━━ PROVIDED RECORDS

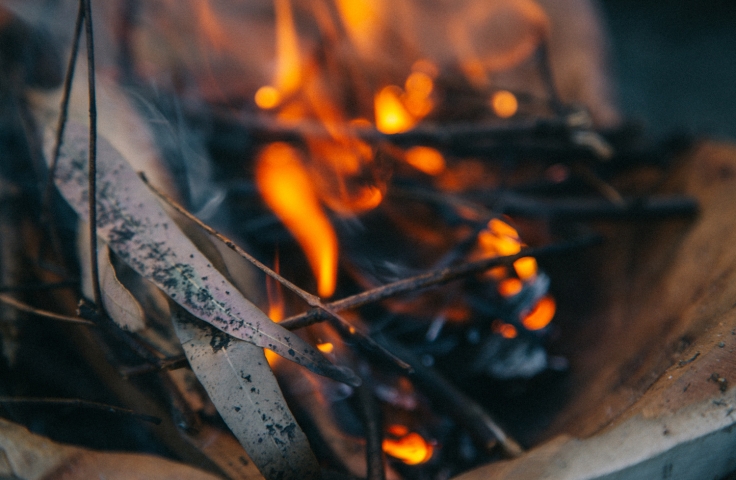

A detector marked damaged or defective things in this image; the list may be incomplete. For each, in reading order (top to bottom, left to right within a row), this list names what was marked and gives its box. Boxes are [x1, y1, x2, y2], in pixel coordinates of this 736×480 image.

charred stick [83, 0, 102, 310]
charred stick [0, 292, 95, 326]
charred stick [141, 175, 412, 372]
charred stick [278, 234, 600, 332]
charred stick [0, 398, 161, 424]
charred stick [380, 334, 524, 458]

━━━━

PROMPT:
Set down the data again, exactly, without images.

EXERCISE SOLUTION:
A detector marked damaged or defective things in this image; the list may be incomplete. For each, in reading order (top to bottom, left to right within a row), this list names what was marked and gives its box. Boxes are [x1, y1, x2, y2], in pixel coordinates of this 736×480 image.

charred stick [83, 0, 102, 310]
charred stick [0, 292, 95, 326]
charred stick [141, 175, 412, 372]
charred stick [278, 234, 600, 332]
charred stick [0, 398, 161, 424]
charred stick [380, 334, 524, 458]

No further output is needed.